DUBLIN, Nov 10 (Reuters) Britain and Ireland are expected to push ahead today with plans to restore self-rule in Northern Ireland although the province's two main parties have given only partial support to the deal by the November 10 deadline.

Ireland said today it still hoped Northern Ireland's regional government could be revived by March after the British province's main pro-London party vowed it would not budge without a pledge on policing by its Irish nationalist rivals. ''There are still differences on some of the key issues, but we believe there's enough work in progress to give us all hope,'' Irish Foreign Minister Dermot Ahern told state broadcaster RTE.

London and Dublin last month gave Northern Ireland's parties until November 10 to back plans for reviving an assembly in which they must share power despite opposing visions of the future.

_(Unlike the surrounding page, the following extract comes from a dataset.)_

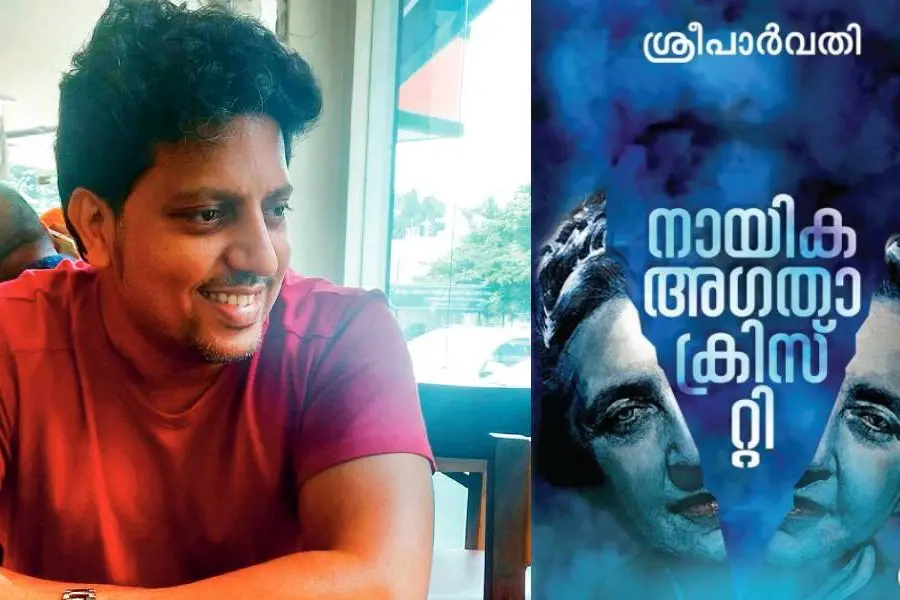 നായിക ആഗതാ ക്രിസ്റ്റി; ലാജോ ജോസിന്റെ വായന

The two governments have yet to say whether qualified support from the two main parties is enough to push ahead with the next steps for restoration but a spokesman for Britain's Northern Ireland Office said there was ''a working assumption'' the parties wanted to move forward.

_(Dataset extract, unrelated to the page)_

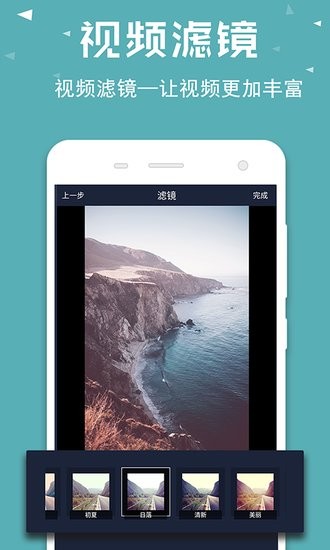 視頻倒放助手版本 v3.2.0 安卓版 2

There will be a joint statement later in the day, he added.

Under October's St Andrews agreement, assembly members must elect a first and deputy-first minister from the two biggest opposing parties to lead the power-sharing executive by November 24 before a full restoration of self-rule by March 2007.

Failure to meet the deadlines will mean continued direct rule from London, but with a greater input from Dublin -- a prospect pro-British ''unionists'' find unpalatable.

The hardline Democratic Unionist Party (DUP) -- Northern Ireland's biggest party and which wants the province to remain part of the United Kingdom -- appeared to give just enough to keep the process on track and meet the first November 10 deadline.

''The DUP ... wants to build on the areas of progress made at St Andrews,'' the party, led by firebrand preacher Ian Paisley, said in a statement late yesterday.

But the DUP said it expected Sinn Fein, which ultimately wants a united Ireland, to move first by backing a police force it has long mistrusted as an arm of the British state.

Sinn Fein, the province's second-largest party and political ally of the Irish Republican Army (IRA), this week backed the St Andrews plans but also said more work was needed.